With respect to the amount of delay at issue, the CO concluded that reinstatement of FAS's proposal would require an estimated 6 months to address the anticipated additional discussions, proposal revisions, and evaluation. AR, Tab 17, Reinstatement Decision, at 6. The CO viewed this delay as unacceptable because it would require sole-source extensions of the two incumbent contracts. Id. In this regard, the CO was concerned that such an extension would present difficulties for the agency because the incumbent contract for the requirements in Spain was performed by a joint venture between FAS's sole remaining partner, FSSI, and Agility, one of the companies that had been suspended by DLA in November. Id. In contrast, the CO stated that VBR had addressed all of the technical acceptability concerns and the agency was ready to proceed with award. Id. at 3-4.

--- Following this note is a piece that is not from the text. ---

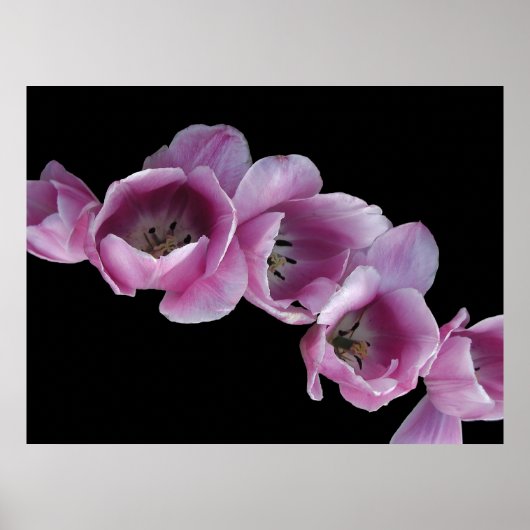Poster, Cascade of Purple Tulips Poster (Voorkant)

FAS does not dispute that it would need to revise its proposal to account for the removal of Taos/Agility from the joint venture. See Protester's Comments on AR at 10-11. Instead, the protester contends that it could have addressed all of the agency's concerns through discussions. See id. The protester further argues that the magnitude of required revisions would not be "substantial" because, in the protester's view, FSSI is capable of performing all of the contract requirements.
See id.

We think that the agency's concerns regarding delay were reasonable. As discussed above, the record clearly shows that FAS's proposal was based on the combined experience and past performance of FSSI and Taos/Agility. We agree with the agency that, at a minimum, the protester would need to revise its proposal to address how FSSI would perform the contract on its own, and the agency would need to conduct a new evaluation of FSSI's technical acceptability and past performance. In sum, we think the agency reasonably declined to reinstate FAS's proposal into the competition.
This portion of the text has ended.